But the top Jewish cause on the list in years past, the United Jewish Appeal, got knocked off this year’s ranking by the Chronicle of Philanthropy.

The prestigious Chronicle, which published the list in its edition this week, decided to stop including UJA, since the money donated by individuals and funneled to the charity through their local federations was being counted twice.

UJA was the sixth largest charity on the Chronicle chart last year, and fourth the year before.

The largest Jewish charity in America, ranking 29 among the Chronicle’s top 400, is now the Jewish Communal Fund, a kind of sister philanthropy to the UJA- Federation of Jewish Philanthropies of New York, which itself ranked 36th on the list.

The Jewish Communal Fund garnered private donations of $160.4 million during the 1996 fiscal year.

Its donors are people who place their philanthropic money in the communal fund and then direct it to make contributions to their preferred charities, rather than writing individual checks to those charities themselves.

Communal funds, along with family foundations, are the fastest-growing Jewish charities, experts say.

In addition to New York, the other Jewish federations making the Chronicle’s list this year were those in Chicago, which ranked 54 on the list, San Francisco, 101; Baltimore, 154; Philadelphia, 157; Boston, 177; Detroit, 186; Los Angeles, 189; Cleveland, 190; Milwaukee, 292; Miami, 325; Washington, 341; Metro West, N.J., 358; and Atlanta, 361.

The federations whose ranking changed most significantly from last year were San Francisco, which moved up from 227; Baltimore, up from 249; and Philadelphia, up from 213.

San Francisco now ranks as the third largest federation, up from eighth last year.

Other Jewish charities making the list were Yeshiva University, which ranked 138; Hadassah, 166; the Anti-Defamation League, 191; the Jewish National Fund, 275; and Brandeis University, 279.
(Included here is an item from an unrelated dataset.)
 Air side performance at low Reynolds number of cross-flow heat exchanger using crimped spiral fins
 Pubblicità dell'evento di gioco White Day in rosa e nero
Two American fund-raising offices for Israeli colleges made the top 400: the American Committee for the Weizmann Institute of Science, which ranked 196, and the American Society for Technion-Israel Institute of Technology, which ranked 202.

The Conservative movement’s Jewish Theological Seminary of America was singled out as an institution that saw impressive gains in 1996.
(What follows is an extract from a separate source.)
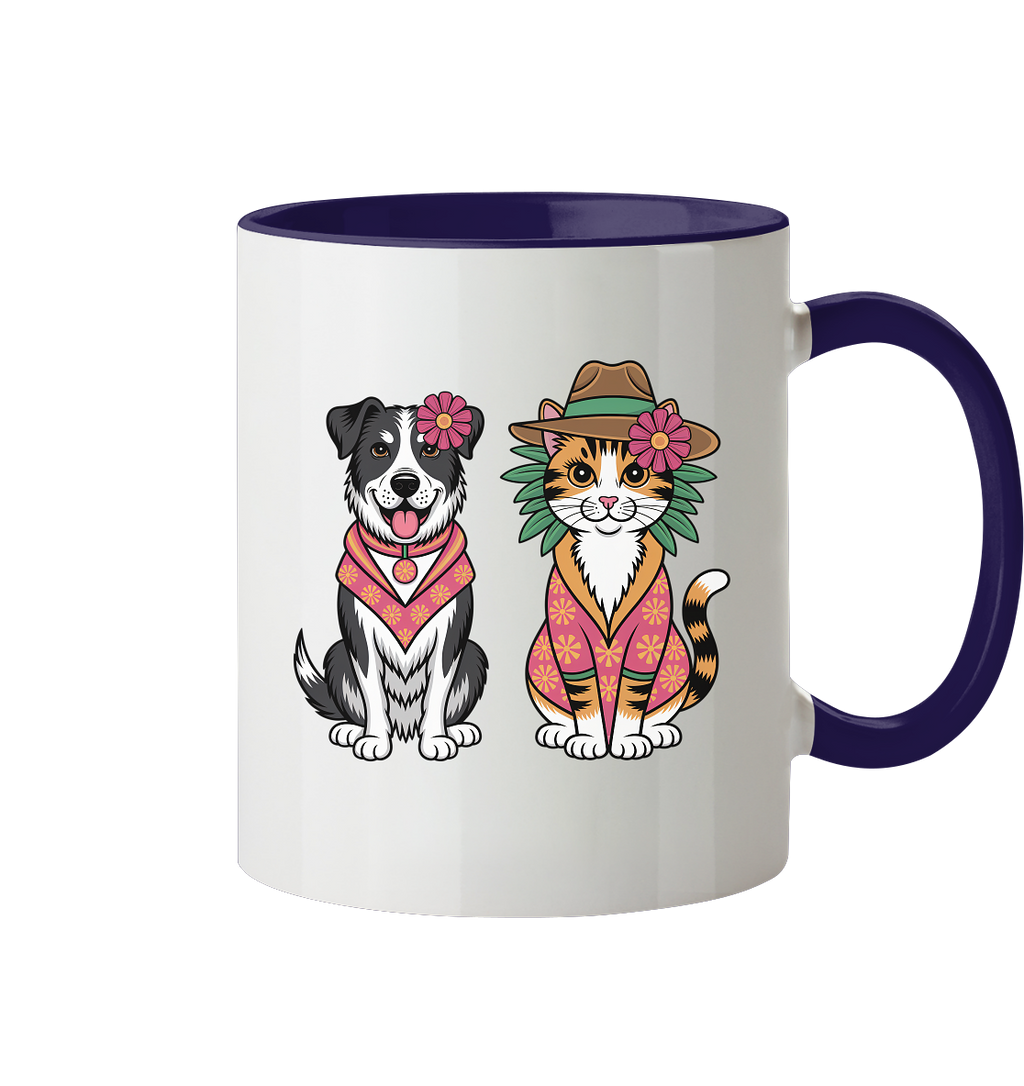 Hund und Katze Illustration Kahlo style - Tasse zweifarbig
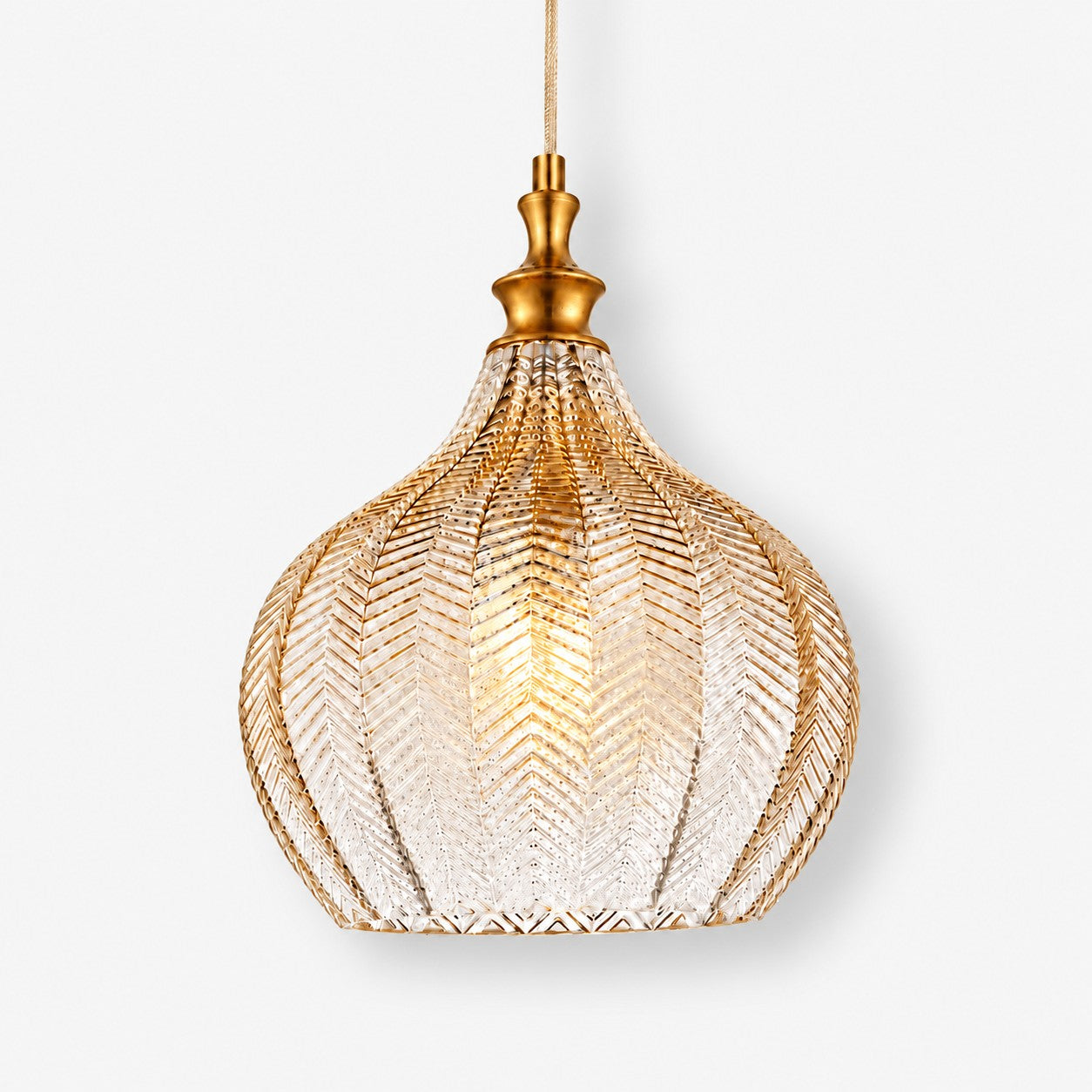 Gildon textured glass pendant, Dia 9.13 inches, aged gold brass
Ranked as 220 on the list, JTS realized a 32 percent increase in donations in 1996. It raised $32.6 million, including a $7 million gift from a retired rabbi.

Darrell Friedman, president of The Associated: Jewish Community Federation of Baltimore, was highlighted with his own sidebar in this week’s edition of the Chronicle, as someone who managed to increase his federation’s income by 79 percent in 1996 and has doubled his agency’s reserves in the 11 years he has run it.

New York’s Jewish Communal Fund, which requires an initial deposit of $10,000, has 1,300 individual donors with over $400 million in assets there, the fund’s executive vice president, Eric Stein, said in an interview.

Almost every Jewish federation has a communal fund component, but the New York federation is unique in that the Jewish Communal Fund is incorporated separately.

This year celebrating its 25th anniversary, the Jewish Communal Fund issued donordirected checks for just over $65 million in fiscal 1996.

The largest recipient of those funds was UJA-Federation of New York, which spawned the Jewish Communal Fund in 1972 and was itself the second highest- ranked Jewish group on the Chronicle’s list.

The Jewish Communal Fund’s net income for 1996 was about $25 million, Stein said, earned by taking an administrative fee of 75 percent of the value of each contributor’s portfolio at the fund.

The value of the fund’s contributions to other charities leaped to $90 million for fiscal 1997, said Stein, though the in-flow of donations dropped to $103 million.

The fund’s fiscal year runs July 1 to June 30.

In fiscal 1995, the fund had incoming donations of about $60 million and ranked only 69 on the Chronicle’s list of 400. Donations nearly tripled the following year because of the hot stock market, said Stein.

He also said that about 70 percent of the fund’s assets are received as appreciated securities from donors seeking to avoid having to pay a capital gains tax while they gain a tax deduction.